Saturday, March 22, 2014

Simple is Hard



 
Steve Jobs was often quoted as saying “simple is hard.”  The ipod offers an excellent illustration of this notion:  a small, portable device with only 5 buttons (all controllable with your thumb) that lets you navigate and access thousands of songs and albums.  In fact, I would assert that the ipod’s simplicity was a key driving force behind its popularity.  I would also bet that arriving at the final design of the ipod was anything but simple…it likely took hundreds of crazy-smart software engineers and thousands of man hours to arrive at the product that now provides so many of us with the soundtracks for our lives.


House in Yatsugatake / Kidosaki Architects Studio
Contemporary architecture shares many virtues with the ipod…it is typically uncluttered and “simple” in presentation.  The considerations and planning necessary to achieve a contemporary look, however, is most often highly complex and fraught with a multitude of design considerations—the vast majority of which are never evident to the end user.  This notion has become increasingly obvious as I have tried to design and build my own “contemporary refuge” (aka “mancave”).  Perhaps no element of my build has illustrated this more than the mono-stringer staircase upon which I am currently working.
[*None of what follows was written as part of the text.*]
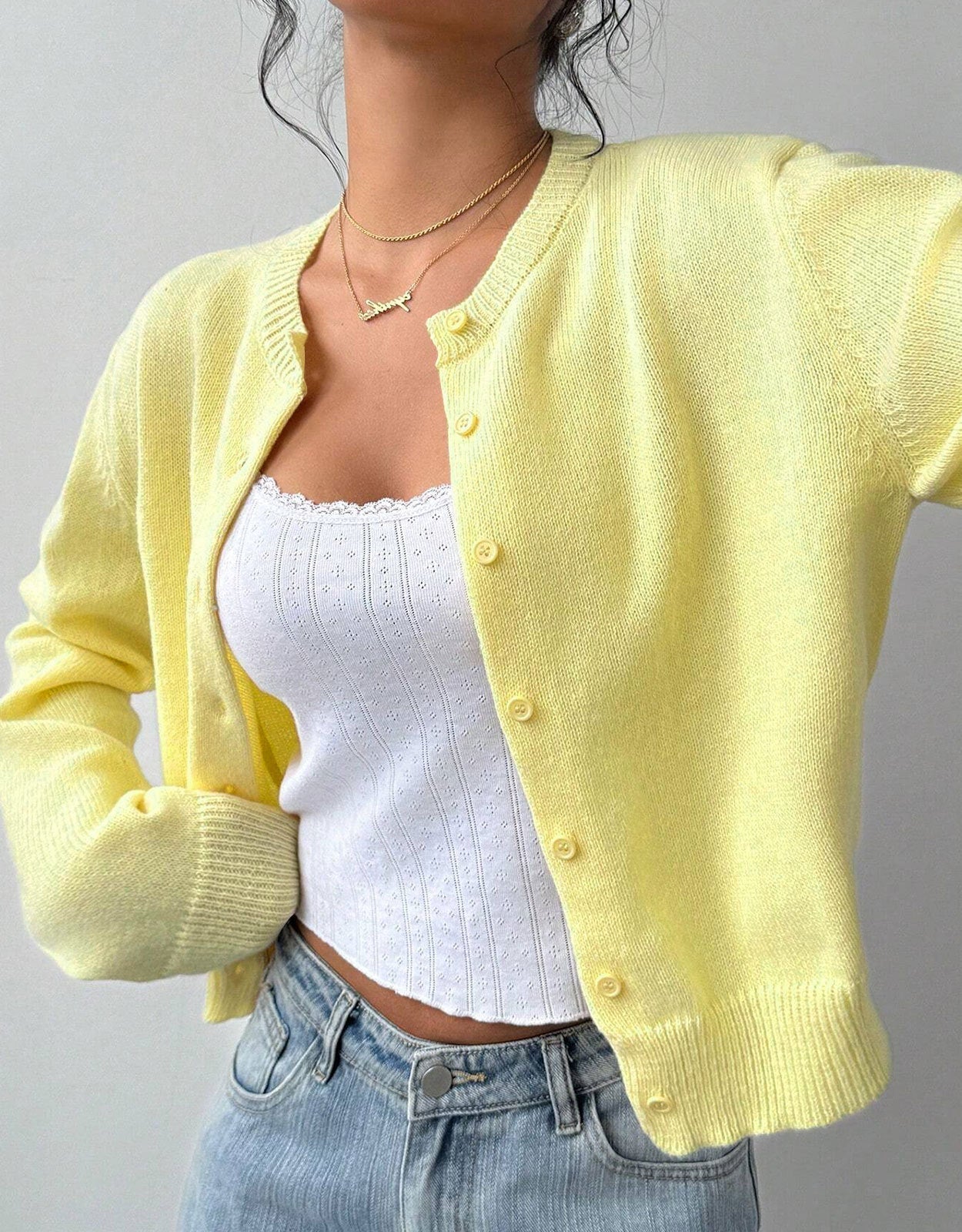 Women's Cropped Cardigan - Round Neck Button-Up Knit - Yellow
Designing the railing for my stairs, for example, has proven exceedingly challenging to say the least.  My design had to match the loft's railing but unlike the loft, fascia mounting each newel post with large brackets to the side of the staircase wasn't an option.  Moreover, simply fabricating each post proved considerably more challenging than the process of fabricating the posts for the loft's railing.  

To start, I first had to figure out how long each post needed to be.  Code stipulates that a stairway's handrail must measure 36" from the leading edge of the tread.  My design, however, called for each post to be centered on each tread (see below):

Thus, to comply with code, each post had to be longer than 36" because as you move the post back from the leading edge of the tread, the distance between the tread and top rail increases.  I'll spare you the dissertation of how I determined this dimension, but let's just say I had to consult a few people smarter than myself to be sure I figured it out correctly.

With the height of each post determined, I then had to cut the top of each post at the same angle as the stairs to ensure the top rail would sit flush atop each post.

 

This was accomplished using Jim's articulating band saw:

Jim has all the best tools
With my posts cut to length and tops beveled to accommodate the top rail, the next trick was to figure out how to drill the holes for my cables.  Unlike the through-and-through holes drilled into the newel posts surrounding the loft, the holes for the staircase's newel posts would have to be drilled at an angle that corresponded to the stair case's angle of ascent.  Unfortunately, drilling metal at an angle is far from a straight forward proposition...in fact, it requires very big and very expensive equipment to accomplish.  With a strong desire to keep my railing's fabrication entirely "in-house," I reasoned the next best option would be to offset my holes from one side of the post to another in a way that would allow my cables to make a straight linear run down the steps.  Below are schematics of this dilemma and solution.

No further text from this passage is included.